I implemented a fix in my local repo, which only adds sink pins to be computed for criticalities. It made the bug go away and still passed vtr_reg_strong tests. I'll open a PR upon the request of anyone in this thread.

vaughnbetz commented 3 years ago

Nice work finding this so quickly Bill! I agree that code looks wrong. Perhaps this is also the underlying reason Kevin had to implement a more complex summation (tree summation) when he added incremental timing analysis, in order to get the timing costs close enough to pass the incremental vs. brute-force timing cost consistency check (i.e. perhaps the new summation order masked this bug for the test cases run).
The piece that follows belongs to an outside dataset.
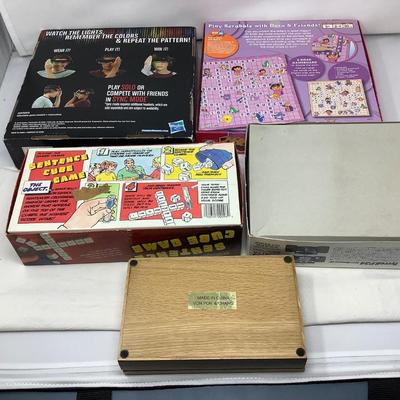 Sale Photo Thumbnail #123: Scrabble Jr, Sentence Cube Game, Simon Optic, Tyrell Car Model, Dominoes Boxxset.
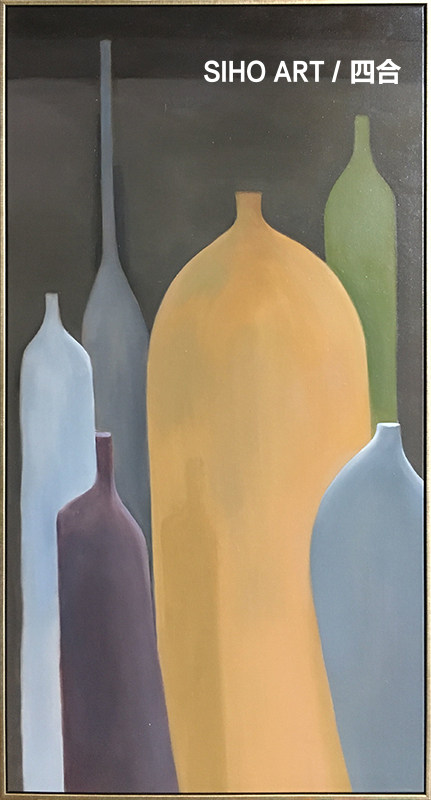 四合艺术手绘抽象油画瓶子北欧欧风现代简约客厅油画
Should definitely be fixed. Please do a QoR run with your fixed code and add the results (spreadsheets of QoR vs. master for vtr and titan designs). Assuming they look good, you should open a PR and fix this.

litghost commented 3 years ago

I'll open a PR upon the request of anyone in this thread.

If you have a fix, please create a PR as soon as possible. This bug is currently blocking downstream VTR + symbiflow integration, and it would be good to confirm if your fix works or not.

vaughnbetz commented 3 years ago

Whoops, fat finger. Bill has a fix.

Bill-hbrhbr commented 3 years ago

Yep working on it right now

litghost commented 3 years ago

@Bill-hbrhbr : We are still seeing:

/tmpfs/src/github/vtr-verilog-to-routing/vpr/src/place/place.cpp:1966 comp_td_connection_cost: Assertion 'connection_delay[net][ipin] == comp_td_connection_delay(delay_model, net, ipin)' failed (Connection delays should already be updated).

which I believe you will replicate if you increase the ASSERT level from 2 to 3.

litghost commented 3 years ago

Maybe there needs to be an additional check to the assert that "crit_exponent == last_critexponent && ..."?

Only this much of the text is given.